Um dos momentos mais marcantes da entrevista foi quando Chapelin revelou ter votado em Lula por duas vezes, citando sua admiração pela trajetória do ex-presidente. “Votei no Lula na primeira vez e também na segunda. Depois disso, parei de votar em candidatos de um lado ou de outro. Estou esperando surgir um nome que realmente inspire confiança”, afirmou. A declaração chamou atenção, já que o jornalista sempre manteve uma postura neutra em público, especialmente durante sua longa carreira em emissoras como a Globo, que priorizam a imparcialidade jornalística.
Chapelin também abordou um período sombrio da história brasileira: os anos da ditadura militar. Durante esse tempo, ele trabalhou na Rádio JB e experimentou de perto os rigores da censura. Ele relembrou o ambiente tenso das redações e a presença constante de censores, que avaliavam cada palavra antes de ir ao ar. “Eu tinha um censor ao meu lado no estúdio. Entregava meu texto para ele, e só depois que ele aprovava é que eu podia ler as notícias”, relatou. Chapelin destacou como a censura limitava a atuação dos jornalistas e impunha um clima de medo. “Era preciso ter cuidado o tempo inteiro. Não podíamos nos distrair, porque o controle era absoluto.”
Um dos episódios que mais o marcou foi o contato direto com censores conhecidos por sua rigidez, como um apelidado de “Durango Kid”, que, segundo Chapelin, simbolizava o controle opressor da época. Ele descreveu como os jornalistas tinham que adaptar rapidamente seus conteúdos para evitar represálias, enquanto lutavam para informar a população. “A ditadura não era brincadeira. Era uma época de silenciamento e de muita insegurança para quem trabalhava com comunicação. Falo para os meus netos o quanto foi difícil viver aquele período.”
As declarações do ex-apresentador chegam em um momento de intensos debates políticos no Brasil. Chapelin fez questão de reforçar a importância de manter viva a memória sobre o regime militar e alertou sobre os perigos do autoritarismo. “As gerações mais novas precisam entender que aquilo não foi apenas uma questão de governo ou política. Era uma época em que as liberdades individuais estavam constantemente sob ameaça, e isso deixava marcas profundas na sociedade.”
Apesar das críticas ao regime militar, Chapelin evitou adotar um tom agressivo ou polarizador. Ele destacou que suas reflexões não têm a intenção de alimentar conflitos, mas de provocar uma análise mais ampla sobre os rumos do país. “O Brasil já passou por muitas fases difíceis. Ainda estamos em busca de um caminho mais justo, que traga oportunidades reais para todos. Espero que as pessoas reflitam sobre isso.”

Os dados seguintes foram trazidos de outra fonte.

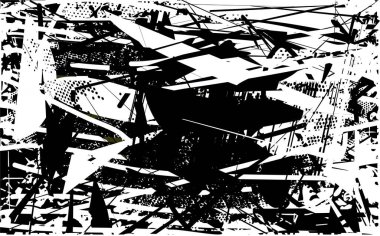 Çizik ve çiziklerle dolu siyah beyaz bir arka plan. Soyut vektör illüstrasyonu.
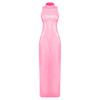 Womens Iridescent Metallic See Through Maxi Dress Mock Neck Sleeveless Bodycon Sheer Pencil Dress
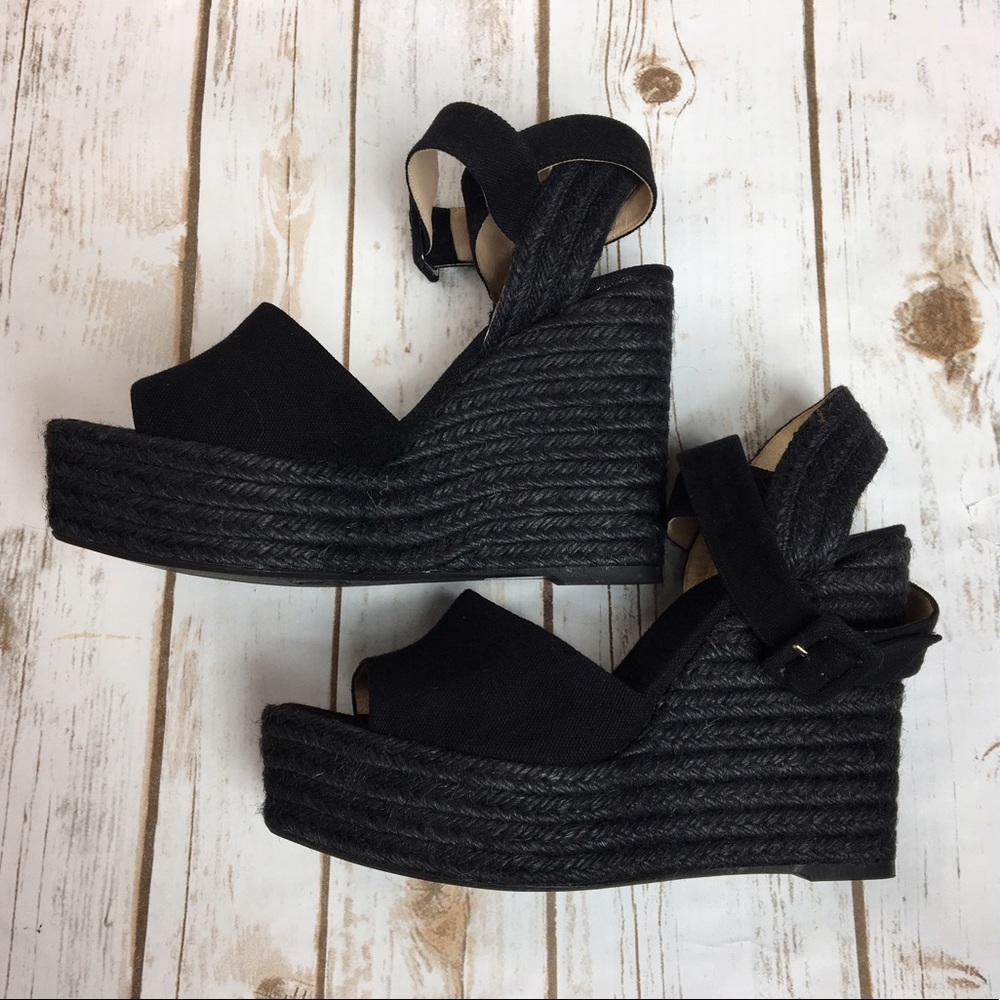 Castaner espadrille wedge heels 9 black canvas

Longe das câmeras, Chapelin leva uma vida tranquila, mas continua acompanhando de perto os acontecimentos políticos e sociais. Seu tom sereno e sua habilidade em traduzir questões complexas de forma clara continuam sendo suas marcas registradas, mesmo agora, fora do telejornalismo. Ele também demonstrou certa nostalgia ao recordar sua trajetória e os desafios que enfrentou ao longo de sua carreira. “O jornalismo me ensinou muito, não só sobre o mundo, mas também sobre mim mesmo. Tenho muito orgulho do que fiz, mas também sei que o Brasil ainda precisa avançar muito em questões fundamentais.”
As palavras de Sérgio Chapelin ressoam como um convite à reflexão. Ele não apenas compartilhou suas experiências, mas também levantou questões importantes sobre o papel da imprensa, os desafios políticos e as lutas sociais no Brasil. Seu relato é um lembrete do impacto que jornalistas podem ter ao registrar a história e contribuir para a construção de uma sociedade mais consciente.
Chapelin encerrou a entrevista com uma mensagem de otimismo. “Apesar de todas as dificuldades, acredito que o Brasil tem força para superar seus problemas. É preciso diálogo, respeito e união para construirmos um futuro melhor. Eu ainda espero ver isso acontecer.”